On Dec. 3, Portland Mayor Charlie Hales, who also serves as police commissioner, did not adopt the recommendations but said he wanted investigators to begin posing the question to medical examiners in fatal use-of-force cases.

Police officials told the Hales that they have “no problem asking the question." However, in the report, compiled by California-based consulting firm OIR Group, police specifically stated the a medical examiner's opinion of a suspects chance for survival would be dubious. 

“The Police Bureau has the ability to make the inquiry regarding the potential survivability of injuries sustained by the use of deadly force; however, such information from the medical examiner (if they chose to provide it) would at times be speculative,” Reese stated.

During the Dec. 3 City Council meeting, Commissioner Amanda Fritz asked police officials to clarify why the Bureau stated that it disagreed with the audit’s recommendation.

“The concern that we have with this (recommendation) is that we’re asking somebody to make a decision or opinion based on the outcome, rather than all of the other circumstances around it,” police Commander George Burke said. “But I don’t see why we couldn’t ask this question.”

Theresa Raiford, an organizer for Don’t Shoot Portland, said she was frustrated with a lack of police accountability at the City and that she didn’t expect the Portland Police Bureau would ever implement a suggestions that officers aren’t comfortable with.

“If you don’t want to (adopt recommended procedures), you won’t,” Raiford said of the bureau's responses criticism.

On Thursday, Damon O’ Brian, the deputy medical examiner for Multnomah County, said he hadn’t heard of the report’s recommendation.
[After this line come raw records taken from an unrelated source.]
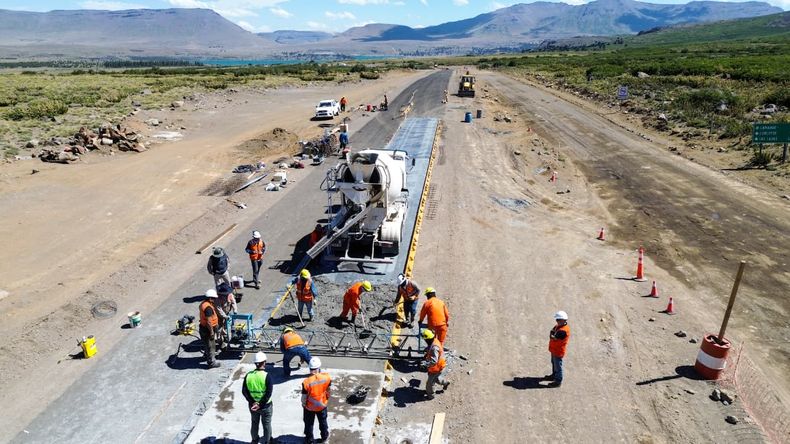 Las obras de infraestructura, clave para facilitar las inversiones privadas.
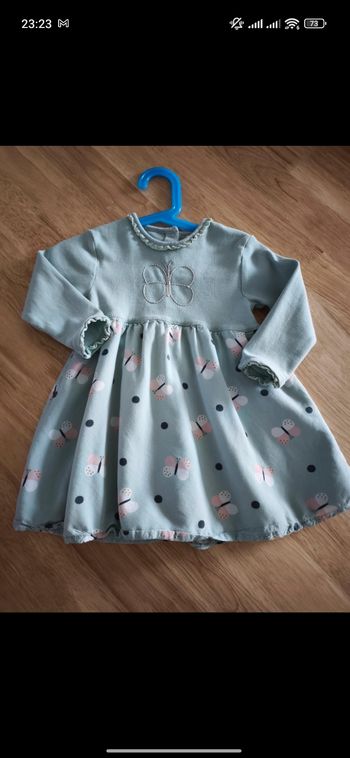 Robe orchestra 23 mois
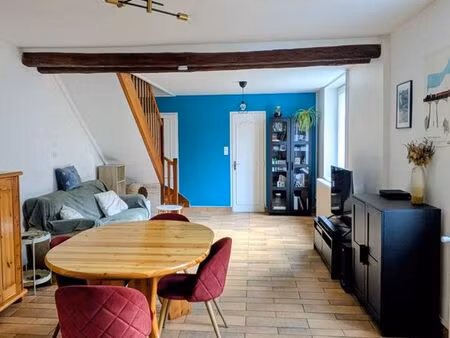 maison individuelle 4 pièces 96m²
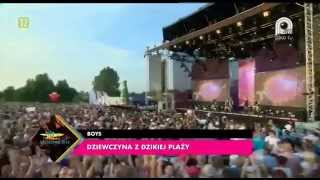 Boys  Dziewczyna z dzikiej plaży Szczecinek 2015 [upl. by Ancalin]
He agreed, in concept, that it may be difficult to judge whether a person’s death could have been prevented if they had received medical attention in a timely manner after the fact, because there are many loose variables to considered. 
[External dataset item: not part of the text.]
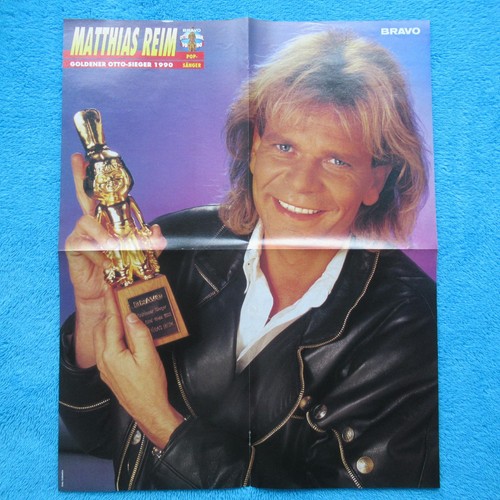 Matthias reim bravo poster - reim,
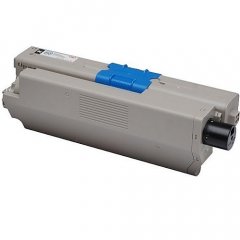 Compatible Oki MC363 Black Toner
“That (determination) would have to be up to the individual doctors." O'Brian said. "You just never know.”

Some city councilors voiced their support for the idea.

The city might be better protected from potential legal actions from the families of the deceased if the medical examiner determined no additional help could have been provided, Commissioner Amanda Fritz said.

“It’s helpful for the family (of the deceased) to know that in fact there was no negligence, or no opportunity, to save their life,” Fritz said.

While City Council accepted the report Dec. 3, there was no certainty that the recommendations in the report will ever be implemented, according Dana Haynes, the communications director for Mayor Hale’s office.